WORKING DATA -

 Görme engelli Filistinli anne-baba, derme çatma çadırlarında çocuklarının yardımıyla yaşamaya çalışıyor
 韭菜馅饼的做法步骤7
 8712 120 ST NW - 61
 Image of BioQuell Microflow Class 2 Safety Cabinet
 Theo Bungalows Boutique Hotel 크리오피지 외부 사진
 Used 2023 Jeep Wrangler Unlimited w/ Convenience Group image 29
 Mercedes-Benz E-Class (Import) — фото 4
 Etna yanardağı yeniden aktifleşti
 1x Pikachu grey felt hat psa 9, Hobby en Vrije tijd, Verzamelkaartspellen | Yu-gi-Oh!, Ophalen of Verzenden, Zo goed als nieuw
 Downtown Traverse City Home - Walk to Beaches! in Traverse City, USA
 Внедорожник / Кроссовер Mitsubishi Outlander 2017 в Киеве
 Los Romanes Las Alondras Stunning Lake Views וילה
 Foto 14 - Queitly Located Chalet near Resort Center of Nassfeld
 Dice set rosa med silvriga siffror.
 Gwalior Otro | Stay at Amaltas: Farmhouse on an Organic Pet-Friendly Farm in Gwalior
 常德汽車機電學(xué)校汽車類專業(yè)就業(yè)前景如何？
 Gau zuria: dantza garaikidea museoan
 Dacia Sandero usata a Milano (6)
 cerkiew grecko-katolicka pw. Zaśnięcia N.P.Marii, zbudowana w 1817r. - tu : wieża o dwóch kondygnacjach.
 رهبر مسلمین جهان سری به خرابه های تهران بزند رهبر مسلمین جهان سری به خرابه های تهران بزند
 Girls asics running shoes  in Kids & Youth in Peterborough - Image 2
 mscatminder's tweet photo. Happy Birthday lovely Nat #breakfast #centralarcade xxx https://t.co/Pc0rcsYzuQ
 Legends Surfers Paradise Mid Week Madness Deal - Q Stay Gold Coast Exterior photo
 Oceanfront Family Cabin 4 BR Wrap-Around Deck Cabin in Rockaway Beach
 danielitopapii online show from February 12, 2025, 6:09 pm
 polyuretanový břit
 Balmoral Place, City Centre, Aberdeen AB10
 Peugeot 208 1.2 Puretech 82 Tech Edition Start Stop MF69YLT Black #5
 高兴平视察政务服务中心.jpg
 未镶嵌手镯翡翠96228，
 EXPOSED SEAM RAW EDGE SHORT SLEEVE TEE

EXERCISE - Line by line, repeat the listing exactly as written.

COMPLETED TASK -
 Görme engelli Filistinli anne-baba, derme çatma çadırlarında çocuklarının yardımıyla yaşamaya çalışıyor
 韭菜馅饼的做法步骤7
 8712 120 ST NW - 61
 Image of BioQuell Microflow Class 2 Safety Cabinet
 Theo Bungalows Boutique Hotel 크리오피지 외부 사진
 Used 2023 Jeep Wrangler Unlimited w/ Convenience Group image 29
 Mercedes-Benz E-Class (Import) — фото 4
 Etna yanardağı yeniden aktifleşti
 1x Pikachu grey felt hat psa 9, Hobby en Vrije tijd, Verzamelkaartspellen | Yu-gi-Oh!, Ophalen of Verzenden, Zo goed als nieuw
 Downtown Traverse City Home - Walk to Beaches! in Traverse City, USA
 Внедорожник / Кроссовер Mitsubishi Outlander 2017 в Киеве
 Los Romanes Las Alondras Stunning Lake Views וילה
 Foto 14 - Queitly Located Chalet near Resort Center of Nassfeld
 Dice set rosa med silvriga siffror.
 Gwalior Otro | Stay at Amaltas: Farmhouse on an Organic Pet-Friendly Farm in Gwalior
 常德汽車機電學(xué)校汽車類專業(yè)就業(yè)前景如何？
 Gau zuria: dantza garaikidea museoan
 Dacia Sandero usata a Milano (6)
 cerkiew grecko-katolicka pw. Zaśnięcia N.P.Marii, zbudowana w 1817r. - tu : wieża o dwóch kondygnacjach.
 رهبر مسلمین جهان سری به خرابه های تهران بزند رهبر مسلمین جهان سری به خرابه های تهران بزند
 Girls asics running shoes  in Kids & Youth in Peterborough - Image 2
 mscatminder's tweet photo. Happy Birthday lovely Nat #breakfast #centralarcade xxx https://t.co/Pc0rcsYzuQ
 Legends Surfers Paradise Mid Week Madness Deal - Q Stay Gold Coast Exterior photo
 Oceanfront Family Cabin 4 BR Wrap-Around Deck Cabin in Rockaway Beach
 danielitopapii online show from February 12, 2025, 6:09 pm
 polyuretanový břit
 Balmoral Place, City Centre, Aberdeen AB10
 Peugeot 208 1.2 Puretech 82 Tech Edition Start Stop MF69YLT Black #5
 高兴平视察政务服务中心.jpg
 未镶嵌手镯翡翠96228，
 EXPOSED SEAM RAW EDGE SHORT SLEEVE TEE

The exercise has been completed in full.